My first non-trek weekend of the year was good. I met Felicia, won a medal after ages and slept well. I couldn’t have asked more as my leave for Saturday to trek also got sanctioned. Yes, until here is where I was rejoicing my sunset, rejoicing my biryani and then it all fell apart.
I am a difficult person to surprise, as I have weeks jammed with work, weekends jammed with treks and other blogging commitments. It is tough to catch me off guard or make me break this chain I follow. No one loves Monday, but this third Monday of the year is clearly the worst so far.
It made me realize that I am still a weak person. It gave me an opportunity to be strong, but I failed. I had the opportunity to make a rational decision by myself, but instead, I broke down to nuisance and became my emotional fool self. Last year, I was the same, this year perhaps I am way worse.
I was about to make a decision that would hurt my most loved human. I cancelled my weekend’s trek for her. I can’t fathom what I love more anymore! One has given me life the other has given me the hope to live it. Yes, love for life-giver is far more, but it isn’t any less for the one I walk my life with.
The pain is real. This weekend is going to suck. I will be home unhappy about missing a trek. If I go, I’ll be unhappy on the mountain ditching my life-giver. I hate how my brain overthinks such simple situations to a limit where I can’t take it in. I just can’t.

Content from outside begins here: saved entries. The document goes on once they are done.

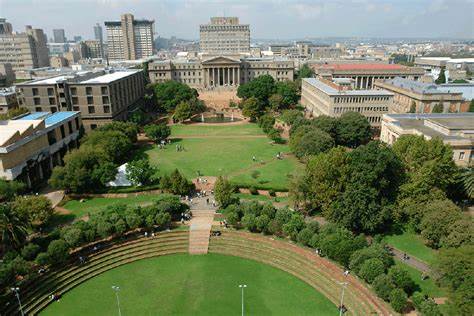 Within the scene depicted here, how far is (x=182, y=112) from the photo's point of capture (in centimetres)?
11612

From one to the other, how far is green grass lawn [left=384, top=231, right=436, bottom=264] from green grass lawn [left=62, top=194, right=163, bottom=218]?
126ft

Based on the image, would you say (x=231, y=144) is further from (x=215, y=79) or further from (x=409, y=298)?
(x=215, y=79)

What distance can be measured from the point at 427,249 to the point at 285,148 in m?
Result: 46.9

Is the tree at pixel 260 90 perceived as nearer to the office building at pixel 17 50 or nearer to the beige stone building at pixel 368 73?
the beige stone building at pixel 368 73

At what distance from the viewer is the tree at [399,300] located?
3544 centimetres

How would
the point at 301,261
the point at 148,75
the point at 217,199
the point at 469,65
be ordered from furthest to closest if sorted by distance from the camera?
the point at 469,65 → the point at 148,75 → the point at 217,199 → the point at 301,261

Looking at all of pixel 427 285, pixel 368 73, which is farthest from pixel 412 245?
pixel 368 73

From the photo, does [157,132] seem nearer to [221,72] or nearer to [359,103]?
[359,103]

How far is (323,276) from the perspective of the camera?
42.2 m

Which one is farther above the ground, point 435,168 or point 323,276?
point 435,168

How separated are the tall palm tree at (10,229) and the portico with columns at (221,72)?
13189 centimetres

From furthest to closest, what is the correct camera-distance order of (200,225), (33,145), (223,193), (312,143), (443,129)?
(312,143) → (443,129) → (33,145) → (223,193) → (200,225)

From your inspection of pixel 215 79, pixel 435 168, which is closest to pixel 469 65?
pixel 215 79

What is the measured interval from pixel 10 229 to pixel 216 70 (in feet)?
453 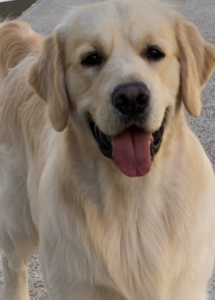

I am not ready for this. I am not. I don’t know how I will get ready for it either. It is almost as if I wish to skip this weekend. I don’t want any of it. Neither this, not that, run away. But hey, escapists are losers aren’t they?
So I’ll be home facing the little drama of my life this weekend. How much ever running away feels easy, feels right, it isn’t. I’ll stay back, face it all with grace. I am sort of away until the weekend for work in Beed, but I think that was the super power’s plan. Keeping me away till the sun is ready to set.